Le Tribunal de la concurrence du Portugal a, par la suite, confirmé la décision de l’Autorité.
La société Super Bock a alors interjeté appel devant la Cour d’appel de Lisbonne qui a adressé plusieurs questions préjudicielles à la CJUE.
La CJUE a ainsi été amenée à se prononcer sur la qualification de la pratique de prix imposés en droit de la concurrence (1) et à rappeler les critères de qualification d’un accord anticoncurrentiel (2).
La première question portée devant la Cour était la suivante : un accord vertical de fixation de prix minimaux de revente constitue-il une restriction de concurrence par objet, sans examen préalable de son degré suffisant de nocivité à l’égard de la concurrence ?
A cette question, la Cour répond par la négative.
La Cour énonce que la notion de « restriction par objet » doit être interprétée de manière restrictive et qu’elle ne peut être appliquée que si la pratique a un degré de nocivité suffisant sur la concurrence.
Elle invite, ce faisant, les autorités de concurrence et les juridictions nationales à une certaine rigueur qu’elles n’ont pas toujours.
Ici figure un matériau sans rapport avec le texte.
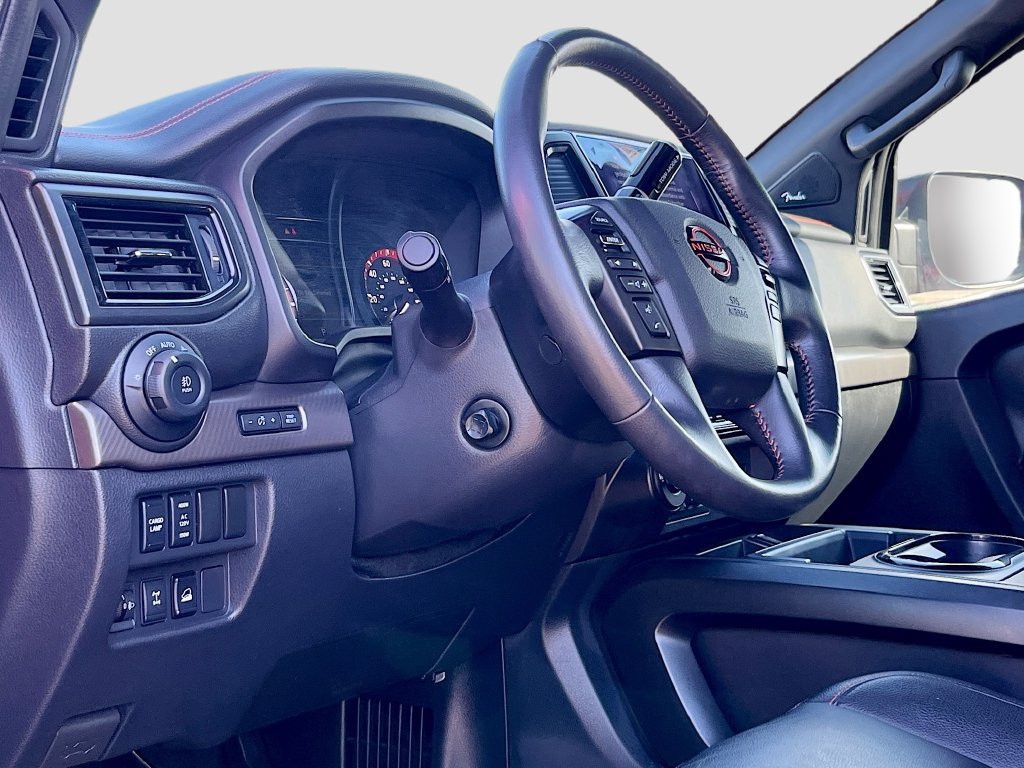 Used 2023 Nissan Titan PRO-4X w/ Pro-4x Convenience Package AWD/4WD image 9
A titre d’exemple, l’Autorité de la concurrence française (ADLC) a, ces dernières années, sanctionné à plusieurs reprises des pratiques de prix imposés en les qualifiant de « restriction par objet » sans pour autant fournir une analyse du degré de nocivité de cette pratique (ADLC, 12 octobre 2021, n°21-D-24 et ADLC, 3 décembre 2020, n° 20-D-20). L’arrêt de la CJUE leur impose donc de caractériser un degré de nocivité suffisant.
Afin d’apprécier le degré de nocivité sur la concurrence de la pratique, la Cour énumère plusieurs critères à examiner afin d’établir une grille d’analyse :
Il convient également, selon la Cour, de tenir compte de la circonstance qu’un tel accord est susceptible de relever de la catégorie des « restrictions caractérisées » au sens du règlement d’exemption. Mais la Cour rappelle que si le règlement d’exemption sur les restrictions verticales qualifie l’imposition d’un prix de revente de « restriction caractérisée », cette notion n’est pas interchangeable avec celle de restriction par objet de l’article 101 §1 TFUE de sorte qu’elle ne dispense pas les autorités et juridictions de caractériser le degré de nocivité suffisant de la pratique.
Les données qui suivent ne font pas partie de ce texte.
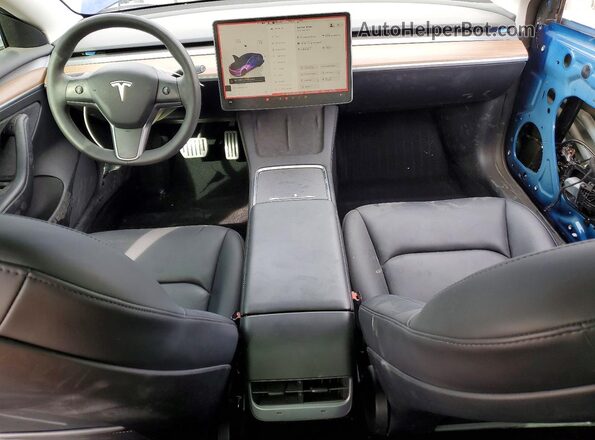 5YJ3E1EC3NF359133 2022 TESLA MODEL Blue Առջևի վահանակի տեսք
Par ailleurs, la Cour rappelle que le caractère suffisamment nocif à l’égard de la concurrence peut être rediscuté en présence d’effets pro-concurrentiels « avérés, pertinents et propres à l’accord concerné et suffisamment importants ». Cette approche rappelle la jurisprudence Leegin de la Cour Suprême des Etats-Unis de 2007, qui aborde la question de l’imposition d’un prix de revente sous l’angle de la règle de raison (autrement dit la mise en balance des effets anti-concurrentiels et pro-concurrentiels de la pratique de prix imposés) (Leegin Creative Leather Products, Inc. v. PSKS, Inc., 551 U.S. 877).
Cet arrêt est important et bienvenu car il empêche la sanction automatique de la pratique de prix imposé et oblige les autorités de concurrence à une analyse au cas par cas de chaque pratique et du contexte dans lequel elles sont mises en œuvre. Si la pratique de prix imposé n’a pas de degré de nocivité suffisant sur la concurrence, elle ne constituera pas une restriction de concurrence par objet et il conviendra de démontrer qu’elle a un effet négatif sensible sur la concurrence pour pouvoir entrer en voie de condamnation.
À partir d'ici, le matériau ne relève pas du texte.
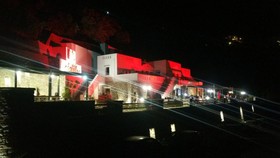 ELaiolithos Luxury Retreat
L’avenir dira comment les autorités de concurrence et juridictions nationales mettront en œuvre la grille d’analyse dégagée par la CJUE, mais cette jurisprudence doit, en tout état de cause, être approuvée.
2. La CJUE rappelle que l’existence d’un « accord » ne peut résulter que d’une volonté concordante des parties et non de l’expression d’une politique unilatérale
La deuxième question posée à la Cour était la suivante : la notion d’ « accord » au sens de l’article 101 §1 TFUE (autrement dit accord anticoncurrentiel) peut-elle être caractérisée lorsqu’un fournisseur impose à ses distributeurs des prix minimaux de revente des produits qu’il commercialise ?
La Cour répond cette fois par la positive en précisant les critères d’analyse de cette notion.
En l’espèce, le fournisseur transmettait régulièrement à ses distributeurs des listes de prix minimaux de revente et de marges de distribution. En pratique, les distributeurs appliquaient ces prix car le fournisseur avait mis en place des mécanismes de surveillance des prix et des mesures de rétorsion en cas de non-respect.
La Cour rappelle qu’au sens de l’article 101 §1 TFUE, il y a « accord » lorsque les entreprises en cause ont exprimé leur volonté commune de se comporter sur le marché d’une manière déterminée. Ainsi, l’expression d’une politique purement unilatérale d’une partie à un contrat de distribution ne saurait suffire à caractériser un tel « accord ». Cependant, la Cour tempère ce propos en énonçant qu’un acte ou un comportement apparemment unilatéral constitue un accord au sens de l’article 101 §1 dès lors qu’il est l’expression de la volonté concordante de deux parties au moins qui peut résulter des clauses du contrat ou du comportement de celles-ci et notamment par l’existence éventuelle d’un acquiescement, exprès ou tacite de la part des distributeurs à une invitation de respecter des prix minimaux de revente.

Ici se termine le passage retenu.